Provided data section start
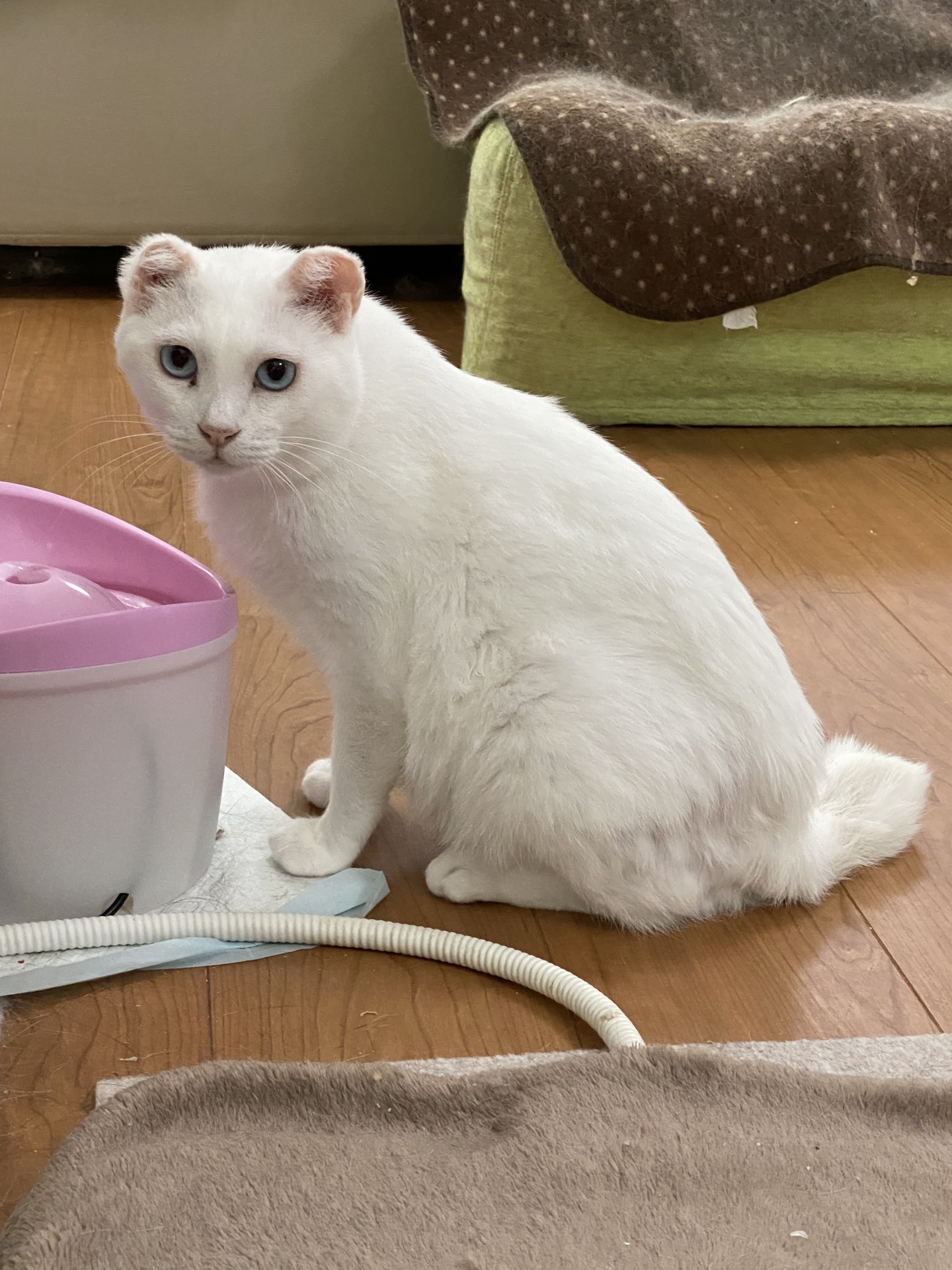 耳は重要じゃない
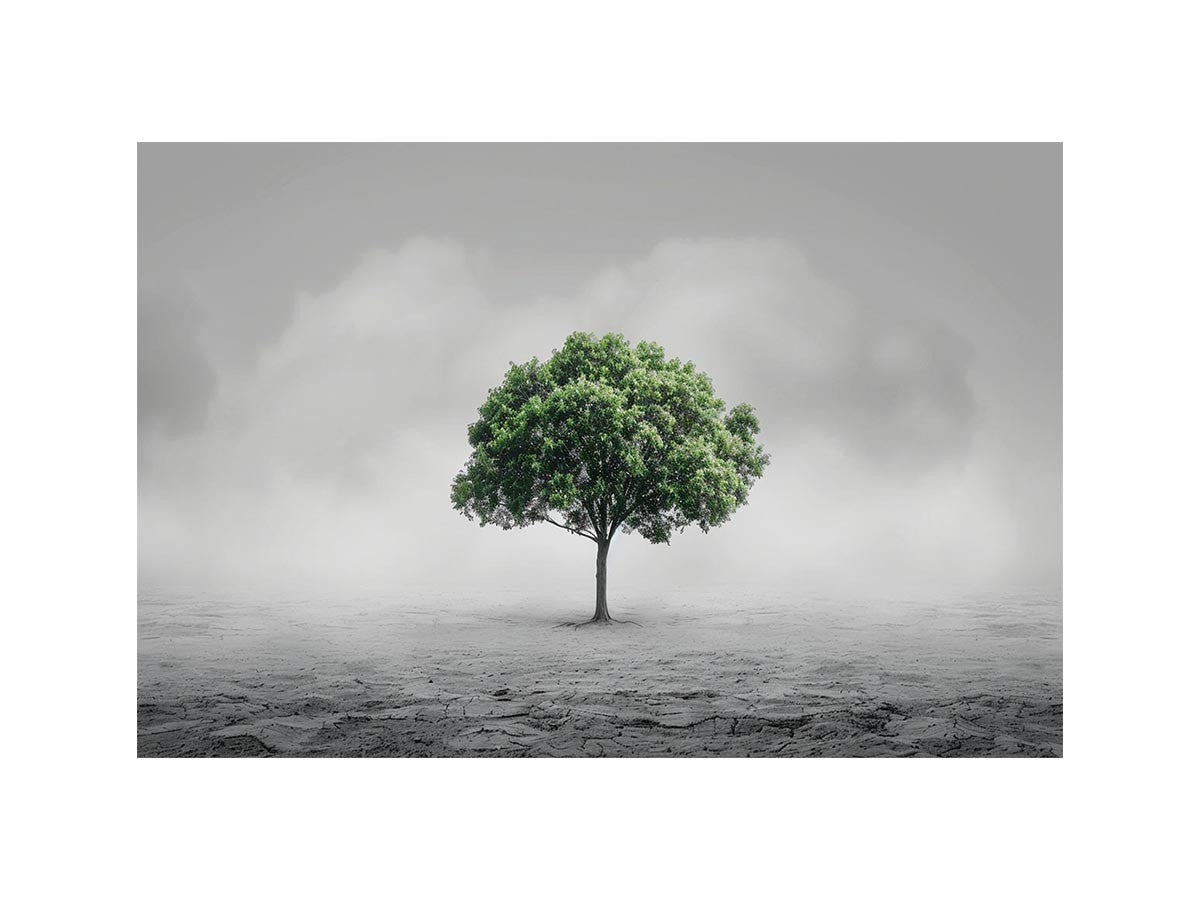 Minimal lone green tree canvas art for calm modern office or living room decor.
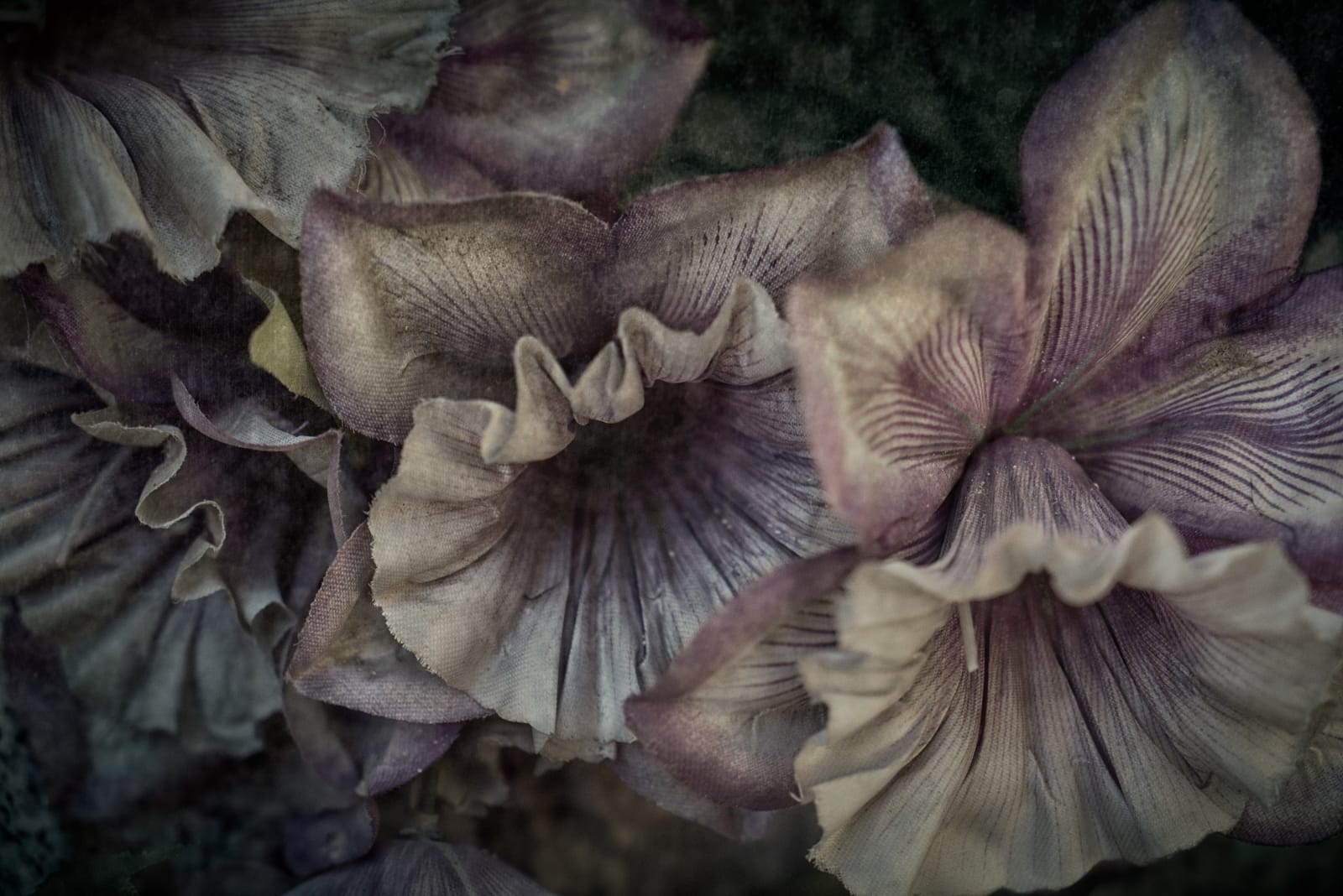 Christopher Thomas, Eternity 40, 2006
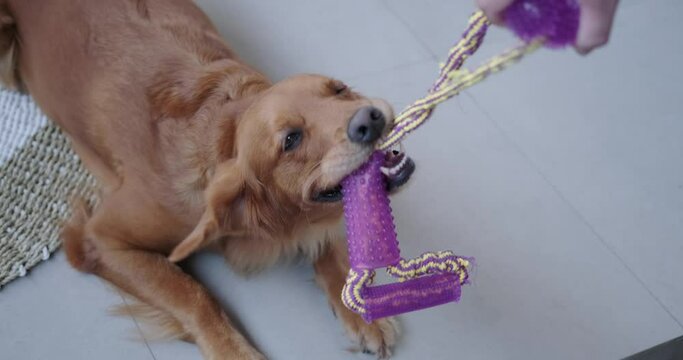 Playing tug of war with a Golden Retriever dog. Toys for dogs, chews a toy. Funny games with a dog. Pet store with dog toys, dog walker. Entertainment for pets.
Provided data section end
Provided data section start
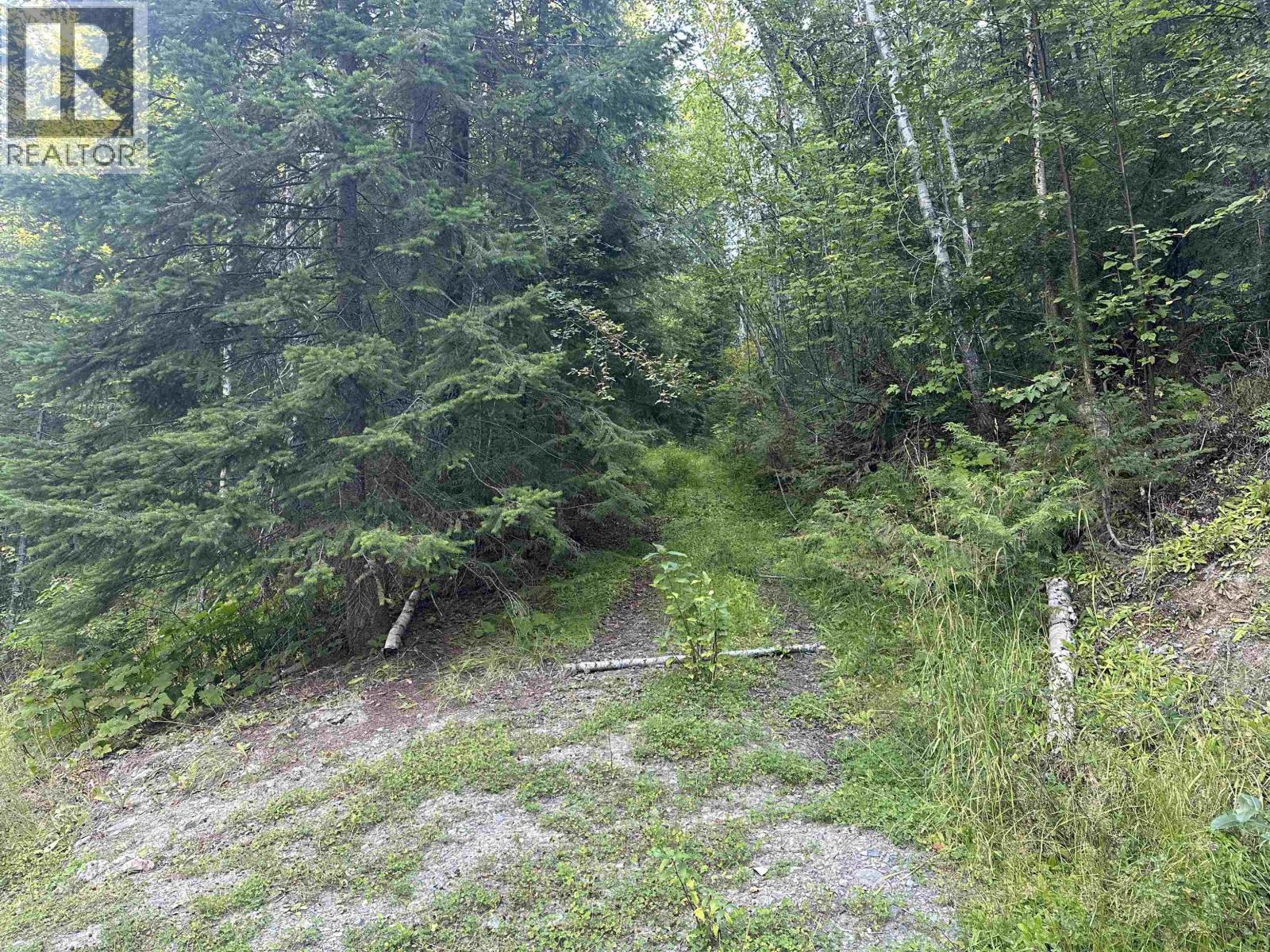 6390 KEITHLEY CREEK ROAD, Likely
Provided data section end
**Task goal**
Set down exactly the lines above, from the line containing "Christopher Thomas, Eternity 40, 2006" through the line containing "Playing tug of". Skip the pictures.

**The completed task**
 Christopher Thomas, Eternity 40, 2006
 Playing tug of war with a Golden Retriever dog. Toys for dogs, chews a toy. Funny games with a dog. Pet store with dog toys, dog walker. Entertainment for pets.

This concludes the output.